WORK TO COMPLETE: Every entry below, from first to last, should be copied exactly.

Stored records:
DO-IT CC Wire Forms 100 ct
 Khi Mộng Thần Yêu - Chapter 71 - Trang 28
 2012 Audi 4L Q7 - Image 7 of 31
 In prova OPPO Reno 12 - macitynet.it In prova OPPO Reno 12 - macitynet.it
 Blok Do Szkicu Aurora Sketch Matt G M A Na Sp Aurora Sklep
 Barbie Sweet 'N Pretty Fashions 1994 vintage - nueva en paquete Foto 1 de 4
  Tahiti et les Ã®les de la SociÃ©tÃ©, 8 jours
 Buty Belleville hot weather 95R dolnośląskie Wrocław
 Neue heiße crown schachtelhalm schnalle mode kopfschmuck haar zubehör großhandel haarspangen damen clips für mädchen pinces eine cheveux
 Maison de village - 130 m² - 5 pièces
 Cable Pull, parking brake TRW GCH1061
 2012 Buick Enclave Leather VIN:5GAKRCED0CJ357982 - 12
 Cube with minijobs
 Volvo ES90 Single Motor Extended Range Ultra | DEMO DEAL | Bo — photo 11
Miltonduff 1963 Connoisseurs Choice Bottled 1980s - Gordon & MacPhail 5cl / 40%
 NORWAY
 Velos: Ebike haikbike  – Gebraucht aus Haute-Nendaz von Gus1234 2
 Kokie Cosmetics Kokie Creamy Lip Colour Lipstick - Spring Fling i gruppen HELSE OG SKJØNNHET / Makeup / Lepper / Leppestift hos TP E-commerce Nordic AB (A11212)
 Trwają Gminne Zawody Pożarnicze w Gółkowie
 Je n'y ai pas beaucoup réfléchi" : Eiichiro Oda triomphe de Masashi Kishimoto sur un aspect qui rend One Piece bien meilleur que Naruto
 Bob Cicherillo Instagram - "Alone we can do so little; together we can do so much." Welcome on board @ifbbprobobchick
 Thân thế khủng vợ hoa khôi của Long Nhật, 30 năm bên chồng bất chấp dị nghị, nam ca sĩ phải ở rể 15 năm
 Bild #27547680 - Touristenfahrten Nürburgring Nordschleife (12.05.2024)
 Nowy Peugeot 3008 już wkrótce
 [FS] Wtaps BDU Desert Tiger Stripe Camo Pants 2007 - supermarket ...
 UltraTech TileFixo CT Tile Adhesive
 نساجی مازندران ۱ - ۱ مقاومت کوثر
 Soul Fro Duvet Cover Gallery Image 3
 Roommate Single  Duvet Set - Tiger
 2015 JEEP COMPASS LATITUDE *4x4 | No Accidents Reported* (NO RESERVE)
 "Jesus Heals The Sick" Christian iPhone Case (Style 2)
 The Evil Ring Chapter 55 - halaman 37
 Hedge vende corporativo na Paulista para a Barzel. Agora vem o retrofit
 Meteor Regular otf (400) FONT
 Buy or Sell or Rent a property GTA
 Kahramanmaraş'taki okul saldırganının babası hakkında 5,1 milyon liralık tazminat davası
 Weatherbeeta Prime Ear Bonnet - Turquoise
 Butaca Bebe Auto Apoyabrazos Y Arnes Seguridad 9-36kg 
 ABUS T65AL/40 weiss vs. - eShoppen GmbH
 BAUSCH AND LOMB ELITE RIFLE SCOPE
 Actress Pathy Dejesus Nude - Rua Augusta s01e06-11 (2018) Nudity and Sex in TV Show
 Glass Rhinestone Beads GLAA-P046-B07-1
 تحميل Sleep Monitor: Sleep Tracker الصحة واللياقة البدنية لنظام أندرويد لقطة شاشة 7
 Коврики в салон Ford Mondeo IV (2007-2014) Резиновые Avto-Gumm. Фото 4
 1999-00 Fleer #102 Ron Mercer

WRITTEN RESPONSE:
DO-IT CC Wire Forms 100 ct
 Khi Mộng Thần Yêu - Chapter 71 - Trang 28
 2012 Audi 4L Q7 - Image 7 of 31
 In prova OPPO Reno 12 - macitynet.it In prova OPPO Reno 12 - macitynet.it
 Blok Do Szkicu Aurora Sketch Matt G M A Na Sp Aurora Sklep
 Barbie Sweet 'N Pretty Fashions 1994 vintage - nueva en paquete Foto 1 de 4
  Tahiti et les Ã®les de la SociÃ©tÃ©, 8 jours
 Buty Belleville hot weather 95R dolnośląskie Wrocław
 Neue heiße crown schachtelhalm schnalle mode kopfschmuck haar zubehör großhandel haarspangen damen clips für mädchen pinces eine cheveux
 Maison de village - 130 m² - 5 pièces
 Cable Pull, parking brake TRW GCH1061
 2012 Buick Enclave Leather VIN:5GAKRCED0CJ357982 - 12
 Cube with minijobs
 Volvo ES90 Single Motor Extended Range Ultra | DEMO DEAL | Bo — photo 11
Miltonduff 1963 Connoisseurs Choice Bottled 1980s - Gordon & MacPhail 5cl / 40%
 NORWAY
 Velos: Ebike haikbike  – Gebraucht aus Haute-Nendaz von Gus1234 2
 Kokie Cosmetics Kokie Creamy Lip Colour Lipstick - Spring Fling i gruppen HELSE OG SKJØNNHET / Makeup / Lepper / Leppestift hos TP E-commerce Nordic AB (A11212)
 Trwają Gminne Zawody Pożarnicze w Gółkowie
 Je n'y ai pas beaucoup réfléchi" : Eiichiro Oda triomphe de Masashi Kishimoto sur un aspect qui rend One Piece bien meilleur que Naruto
 Bob Cicherillo Instagram - "Alone we can do so little; together we can do so much." Welcome on board @ifbbprobobchick
 Thân thế khủng vợ hoa khôi của Long Nhật, 30 năm bên chồng bất chấp dị nghị, nam ca sĩ phải ở rể 15 năm
 Bild #27547680 - Touristenfahrten Nürburgring Nordschleife (12.05.2024)
 Nowy Peugeot 3008 już wkrótce
 [FS] Wtaps BDU Desert Tiger Stripe Camo Pants 2007 - supermarket ...
 UltraTech TileFixo CT Tile Adhesive
 نساجی مازندران ۱ - ۱ مقاومت کوثر
 Soul Fro Duvet Cover Gallery Image 3
 Roommate Single  Duvet Set - Tiger
 2015 JEEP COMPASS LATITUDE *4x4 | No Accidents Reported* (NO RESERVE)
 "Jesus Heals The Sick" Christian iPhone Case (Style 2)
 The Evil Ring Chapter 55 - halaman 37
 Hedge vende corporativo na Paulista para a Barzel. Agora vem o retrofit
 Meteor Regular otf (400) FONT
 Buy or Sell or Rent a property GTA
 Kahramanmaraş'taki okul saldırganının babası hakkında 5,1 milyon liralık tazminat davası
 Weatherbeeta Prime Ear Bonnet - Turquoise
 Butaca Bebe Auto Apoyabrazos Y Arnes Seguridad 9-36kg 
 ABUS T65AL/40 weiss vs. - eShoppen GmbH
 BAUSCH AND LOMB ELITE RIFLE SCOPE
 Actress Pathy Dejesus Nude - Rua Augusta s01e06-11 (2018) Nudity and Sex in TV Show
 Glass Rhinestone Beads GLAA-P046-B07-1
 تحميل Sleep Monitor: Sleep Tracker الصحة واللياقة البدنية لنظام أندرويد لقطة شاشة 7
 Коврики в салон Ford Mondeo IV (2007-2014) Резиновые Avto-Gumm. Фото 4
 1999-00 Fleer #102 Ron Mercer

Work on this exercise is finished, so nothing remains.